General of equation of the circle would be ${x}^{2} + {y}^{2} + 4 x + 6 y + 4 = 0$

#### Explanation:

We are given three points $P \left(- 2 , 0\right)$, $Q \left(1 , - 3\right)$ and $R \left(- 2 , - 6\right)$.

The perpendicular bisectors of any two lines joining these points will intersect at the center of the circle passing through these points.

Slope of line joining PQ is $\frac{- 3 - 0}{1 - \left(- 2\right)} = - \frac{3}{3} = - 1$ and mid point of PQ is $\left(\frac{- 2 + 1}{2} , \frac{0 - 3}{2}\right)$ or $\left(- \frac{1}{2} , - \frac{3}{2}\right)$. Hence its perpendicular bisector will pass through $\left(- \frac{1}{2} , - \frac{3}{2}\right)$ and have a slope of $- \frac{1}{-} 1 = 1$.

Hence equation of perpendicular bisector of PQ is $y - \left(- \frac{3}{2}\right) = 1 \times \left(x - \left(- \frac{1}{2}\right)\right)$ or $y + \frac{3}{2} = x + \frac{1}{2}$ or $x = y + 1$.

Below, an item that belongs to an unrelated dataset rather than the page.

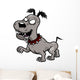 Vector Illustration Cartoon Dog Wall Decal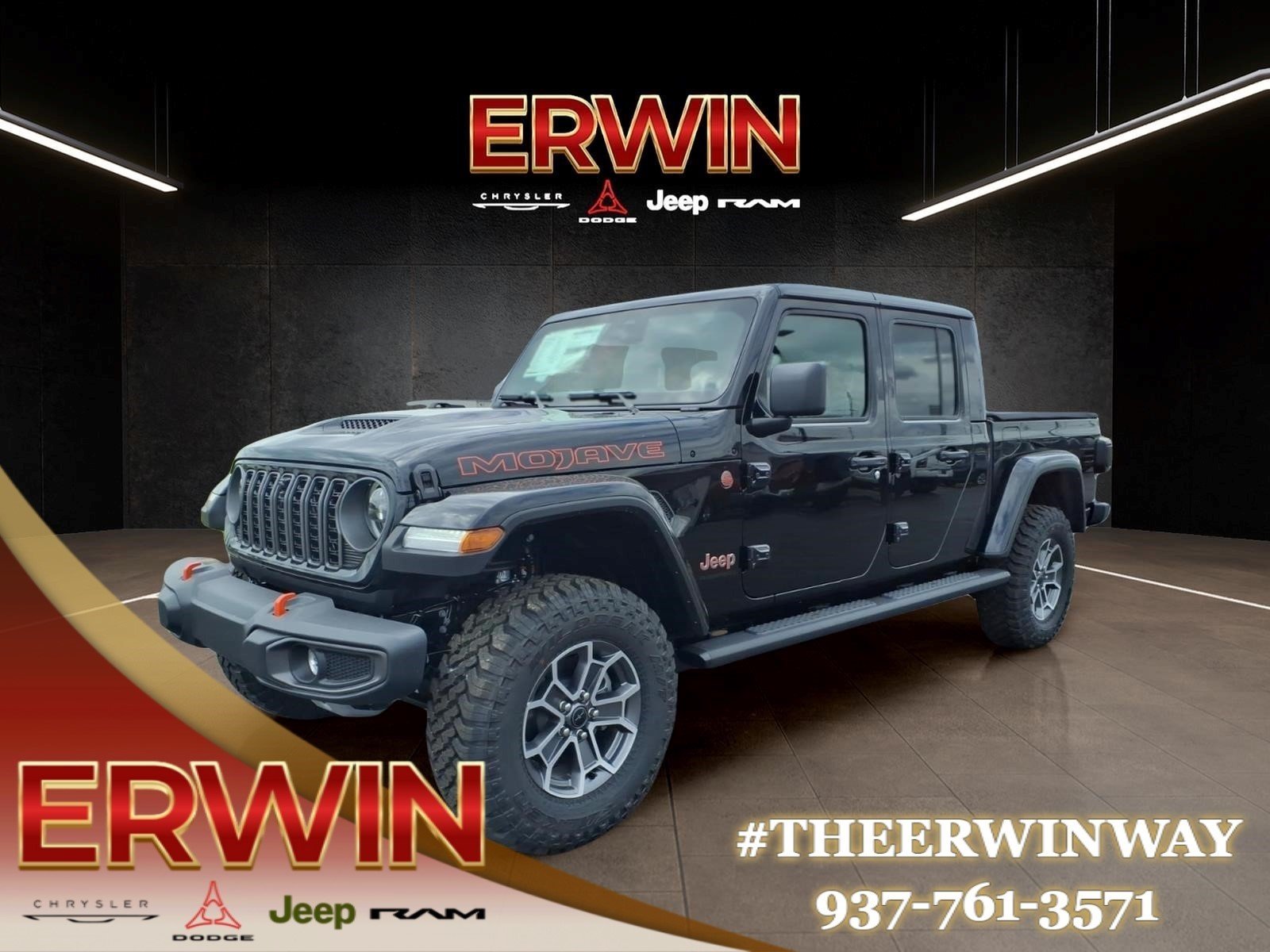 New 2026 Black Clear-Coat Exterior Paint Jeep Mojave image 3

Slope of line joining QR is $\frac{- 6 - \left(- 3\right)}{- 2 - 1} = - \frac{3}{-} 3 = 1$ and mid point of QR is $\left(\frac{- 2 + 1}{2} , \frac{- 6 - 3}{2}\right)$ or $\left(- \frac{1}{2} , - \frac{9}{2}\right)$. Hence its perpendicular bisector will pass through $\left(- \frac{1}{2} , - \frac{9}{2}\right)$ and have a slope of $- \frac{1}{1} = - 1$.

Hence equation of perpendicular bisector of PQ is $y - \left(- \frac{9}{2}\right) = - 1 \times \left(x - \left(- \frac{1}{2}\right)\right)$ or $y + \frac{9}{2} = - x - \frac{1}{2}$ or $x + y + 5 = 0$.

Solving $x = y + 1$ and $x + y + 5 = 0$ gives us $\left(- 2 , - 3\right)$, which is center $O$ and radius will be its distance with say $P \left(- 2 , 0\right)$, which is $3$

Hence equation of circle will be ${\left(x - \left(- 2\right)\right)}^{2} + {\left(y - \left(- 3\right)\right)}^{2} = {3}^{2}$

or ${\left(x + 2\right)}^{2} + {\left(y + 3\right)}^{2} = 9$ or ${x}^{2} + 4 x + 4 + {y}^{2} + 6 y + 9 = 9$ and simplifying it general for of equation of circle would be ${x}^{2} + {y}^{2} + 4 x + 6 y + 4 = 0$